Forum des lecteurs d'Iwacu

4 réactions
  1. Stan Siyomana

    Le president Evariste Ndayishimiye recommande les burundais de lire le Livre du deuteronome, chapitre 7, paragraphes 7-11) pour mieux comprendre la Vision 2040-2060.
    « Mugende musome mugitabo c’amategeko, kukigabane 7, kukarongo 7 gushika 11. Murabe igihugu Imana yasezeraniye bene Israel, murabe ko kidasa n’igihugu cacu… »
    https://www.youtube.com/results?search_query=mashariki+tv+burundi
    « 07 Si le Seigneur s’est attaché à vous, s’il vous a choisis, ce n’est pas que vous soyez le plus nombreux de tous les peuples, car vous êtes le plus petit de tous.

    08 C’est par amour pour vous, et pour tenir le serment fait à vos pères, que le Seigneur vous a fait sortir par la force de sa main, et vous a rachetés de la maison d’esclavage et de la main de Pharaon, roi d’Égypte.

    9 Tu sauras donc que c’est le Seigneur ton Dieu qui est Dieu, le Dieu vrai qui garde son Alliance et sa fidélité pour mille générations à ceux qui l’aiment et gardent ses commandements.

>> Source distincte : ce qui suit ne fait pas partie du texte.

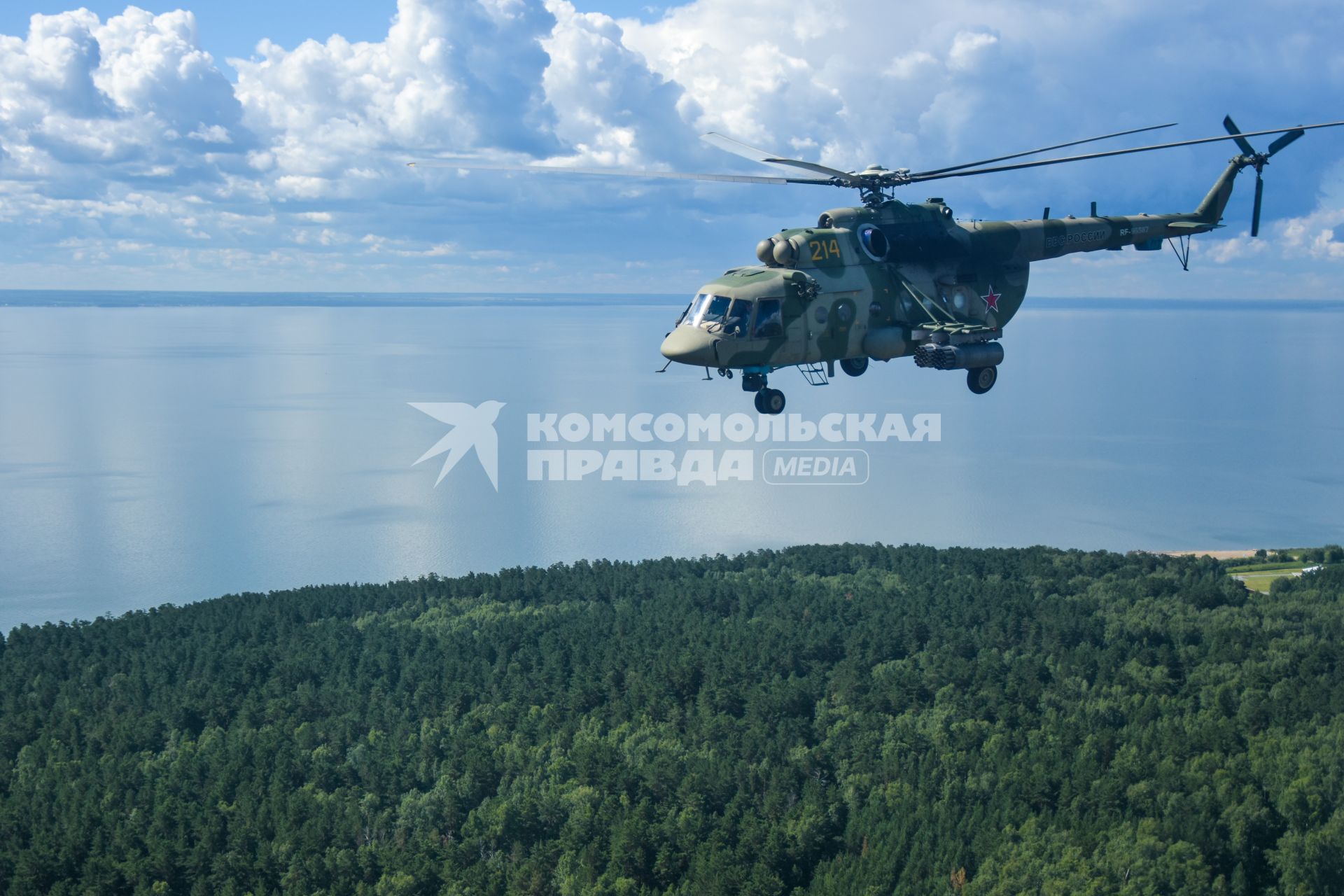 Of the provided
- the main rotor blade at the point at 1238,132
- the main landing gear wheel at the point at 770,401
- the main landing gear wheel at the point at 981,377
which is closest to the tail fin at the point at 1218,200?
the main rotor blade at the point at 1238,132

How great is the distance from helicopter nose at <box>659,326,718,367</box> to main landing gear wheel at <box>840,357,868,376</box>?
4.14 m

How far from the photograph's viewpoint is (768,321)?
93.9ft

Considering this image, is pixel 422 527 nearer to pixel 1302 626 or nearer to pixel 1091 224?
pixel 1302 626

    10 Mais il riposte à ses adversaires en les faisant périr, et sa riposte est immédiate.

    11 Tu garderas donc le commandement, les décrets et les ordonnances que je te prescris aujourd’hui de mettre en pratique…. »
    https://www.aelf.org/bible/Dt/7

  2. Stan Siyomana

    C’est Dieu lui-meme qui a dit au president Evariste Ndayishimiye que le Burundi sera un pays emergent en 2040 et un pays developpe en 2060.
    « N’ukuvuga IMANA YARABITWERETSE KO UBURUNDI TUGIRA DUTUNGE, BUKOMERE.
    Irabitwereka neza. Duhejeje gushira kurupapuro neeza ivyo Imana yatweretse neza mubwenge bwacu, turerekana ingene Uburundi buzotera imbere mu 2040 buzoba ari igihugu cifashe, mu 2060 igihugu giteye imbere… »
    https://www.youtube.com/results?search_query=mashariki+tv+burundi

  3. Stan Siyomana

    1. Vous ecrivez: « Lors d’une séance de moralisation à Gitega, le Président Evariste Ndayishimiye a dévoilé sa vision pour un Burundi développé d’ici 2060…
    Lors d’une séance de moralisation qu’il a animée à Gitega pour les membres du gouvernement, les hauts cadres et les cadres nommés par décret le 8 juin 2024, le président a souligné l’importance de l’administration pour atteindre cette vision… »
    2. Mon commentaire
    Dernierement j’ai vu une video sur Youtube ou le professeur Palamagamba John Kabudi (ancien ministre des affaires etrangeres de la Tanzanie) a explique comment Mwalimu Julius Kambarage Nyerere en est arrive a la Declaration d’Arusha: Nyerere a fait le tour du pays, il a fait un discours dans un village de Singida (Region au nord-centre de la Tanzanie) et la Declaration d’Arusha reprend l’essentiel qui etait dans ce discours.
    Dans certaines bibliotheques a travers le monde, ou sur la toile, vous pouvez lire cette declaration.
    « La Déclaration d’Arusha est un discours prononcé le 5 février 1967 par Julius Nyerere, alors président de la Tanzanie : cette déclaration fixe les objectifs du TANU, le parti au pouvoir en Tanzanie, et définit les grandes lignes de l’Ujamaa, c’est-à-dire l’idée que se faisait Nyerere du socialisme pour développer l’économie du pays. La déclaration appelle à développer l’économie à travers un socialisme africain et la mise en place d’une administration de village via un programme de villagisation… »
    https://fr.wikipedia.org/wiki/D%C3%A9claration_d'Arusha

    TANU, Dar es Salaam. (1967). The Arusha Declaration and TANU’s Policy on Socialism and Self Reliance. Dar es Salaam:Tanzania. Published by the Publicity Section, TANU, Dar es Salaam.